Your goal
Since only part of the records is wanted, repeat exactly the lines from the one containing "新蔡縣頓崗鄉積極開展節后人居環境集中整治活動" through the last line, both included.

Data for processing
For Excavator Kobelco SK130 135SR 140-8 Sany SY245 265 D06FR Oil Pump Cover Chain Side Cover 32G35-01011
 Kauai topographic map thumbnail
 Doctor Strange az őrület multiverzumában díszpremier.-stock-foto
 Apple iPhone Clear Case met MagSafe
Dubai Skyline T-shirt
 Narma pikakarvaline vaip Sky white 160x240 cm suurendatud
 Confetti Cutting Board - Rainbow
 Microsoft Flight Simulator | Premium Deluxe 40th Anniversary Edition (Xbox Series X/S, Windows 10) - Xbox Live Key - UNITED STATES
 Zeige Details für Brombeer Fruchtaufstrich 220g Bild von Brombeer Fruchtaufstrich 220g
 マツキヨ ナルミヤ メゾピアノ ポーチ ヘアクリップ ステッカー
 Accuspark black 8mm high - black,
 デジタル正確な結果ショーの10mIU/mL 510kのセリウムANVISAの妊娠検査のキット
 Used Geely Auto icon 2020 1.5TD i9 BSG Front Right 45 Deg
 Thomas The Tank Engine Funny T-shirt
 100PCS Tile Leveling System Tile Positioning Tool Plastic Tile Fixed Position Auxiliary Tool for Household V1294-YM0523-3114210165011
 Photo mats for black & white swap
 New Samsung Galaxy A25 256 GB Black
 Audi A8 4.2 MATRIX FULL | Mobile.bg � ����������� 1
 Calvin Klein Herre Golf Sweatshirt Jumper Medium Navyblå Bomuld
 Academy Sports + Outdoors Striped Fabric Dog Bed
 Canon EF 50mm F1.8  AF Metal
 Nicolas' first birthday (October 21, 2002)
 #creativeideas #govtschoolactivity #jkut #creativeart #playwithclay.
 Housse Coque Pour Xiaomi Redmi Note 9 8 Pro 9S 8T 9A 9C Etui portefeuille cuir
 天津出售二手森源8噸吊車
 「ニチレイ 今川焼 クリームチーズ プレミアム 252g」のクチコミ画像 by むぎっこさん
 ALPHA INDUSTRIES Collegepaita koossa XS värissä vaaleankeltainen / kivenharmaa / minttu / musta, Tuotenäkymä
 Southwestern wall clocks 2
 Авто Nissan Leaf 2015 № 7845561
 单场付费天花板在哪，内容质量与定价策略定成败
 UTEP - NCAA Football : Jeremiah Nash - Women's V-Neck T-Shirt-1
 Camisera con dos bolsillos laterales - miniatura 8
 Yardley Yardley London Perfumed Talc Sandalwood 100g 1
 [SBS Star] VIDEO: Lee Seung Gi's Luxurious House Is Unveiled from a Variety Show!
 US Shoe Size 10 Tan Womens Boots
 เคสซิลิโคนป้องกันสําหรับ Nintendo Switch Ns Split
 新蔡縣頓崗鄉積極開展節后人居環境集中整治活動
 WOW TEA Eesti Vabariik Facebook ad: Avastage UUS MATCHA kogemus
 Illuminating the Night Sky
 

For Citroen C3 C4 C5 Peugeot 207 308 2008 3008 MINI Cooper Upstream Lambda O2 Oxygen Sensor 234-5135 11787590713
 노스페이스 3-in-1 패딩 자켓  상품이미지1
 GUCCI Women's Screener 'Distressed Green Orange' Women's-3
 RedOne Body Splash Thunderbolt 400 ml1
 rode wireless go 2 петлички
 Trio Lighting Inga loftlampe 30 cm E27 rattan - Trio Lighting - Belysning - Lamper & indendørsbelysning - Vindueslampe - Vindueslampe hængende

Task answer
 新蔡縣頓崗鄉積極開展節后人居環境集中整治活動
 WOW TEA Eesti Vabariik Facebook ad: Avastage UUS MATCHA kogemus
 Illuminating the Night Sky
 

For Citroen C3 C4 C5 Peugeot 207 308 2008 3008 MINI Cooper Upstream Lambda O2 Oxygen Sensor 234-5135 11787590713
 노스페이스 3-in-1 패딩 자켓  상품이미지1
 GUCCI Women's Screener 'Distressed Green Orange' Women's-3
 RedOne Body Splash Thunderbolt 400 ml1
 rode wireless go 2 петлички
 Trio Lighting Inga loftlampe 30 cm E27 rattan - Trio Lighting - Belysning - Lamper & indendørsbelysning - Vindueslampe - Vindueslampe hængende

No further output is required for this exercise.